**Work request:** Copy all the lines of the data that include the word "more".

**Stored data:**

────────

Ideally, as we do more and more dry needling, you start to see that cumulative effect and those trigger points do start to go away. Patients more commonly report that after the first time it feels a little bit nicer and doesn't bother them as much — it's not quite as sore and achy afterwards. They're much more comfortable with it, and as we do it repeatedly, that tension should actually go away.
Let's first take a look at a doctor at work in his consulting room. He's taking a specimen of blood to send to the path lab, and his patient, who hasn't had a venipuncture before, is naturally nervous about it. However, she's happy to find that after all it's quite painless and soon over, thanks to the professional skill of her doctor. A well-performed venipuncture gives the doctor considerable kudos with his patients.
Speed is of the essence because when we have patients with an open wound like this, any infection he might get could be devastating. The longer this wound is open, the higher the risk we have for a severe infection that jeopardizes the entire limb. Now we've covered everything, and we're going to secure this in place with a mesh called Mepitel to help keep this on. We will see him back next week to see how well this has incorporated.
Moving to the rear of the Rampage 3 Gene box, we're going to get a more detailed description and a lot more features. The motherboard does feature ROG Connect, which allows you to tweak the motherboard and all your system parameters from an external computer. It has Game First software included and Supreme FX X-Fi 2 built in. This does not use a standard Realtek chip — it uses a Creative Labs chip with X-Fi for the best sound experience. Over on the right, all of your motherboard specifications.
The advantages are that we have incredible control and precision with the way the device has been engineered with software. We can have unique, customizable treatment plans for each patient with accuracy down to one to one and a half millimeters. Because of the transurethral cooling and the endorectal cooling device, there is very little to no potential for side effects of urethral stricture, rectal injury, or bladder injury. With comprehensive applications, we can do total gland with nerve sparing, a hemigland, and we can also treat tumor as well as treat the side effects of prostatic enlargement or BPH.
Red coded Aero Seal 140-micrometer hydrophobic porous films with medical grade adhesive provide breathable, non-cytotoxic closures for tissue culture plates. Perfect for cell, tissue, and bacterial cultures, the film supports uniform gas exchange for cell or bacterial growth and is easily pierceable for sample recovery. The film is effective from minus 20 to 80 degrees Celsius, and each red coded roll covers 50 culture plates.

────────

**Result:**
Ideally, as we do more and more dry needling, you start to see that cumulative effect and those trigger points do start to go away. Patients more commonly report that after the first time it feels a little bit nicer and doesn't bother them as much — it's not quite as sore and achy afterwards. They're much more comfortable with it, and as we do it repeatedly, that tension should actually go away.
Moving to the rear of the Rampage 3 Gene box, we're going to get a more detailed description and a lot more features. The motherboard does feature ROG Connect, which allows you to tweak the motherboard and all your system parameters from an external computer. It has Game First software included and Supreme FX X-Fi 2 built in. This does not use a standard Realtek chip — it uses a Creative Labs chip with X-Fi for the best sound experience. Over on the right, all of your motherboard specifications.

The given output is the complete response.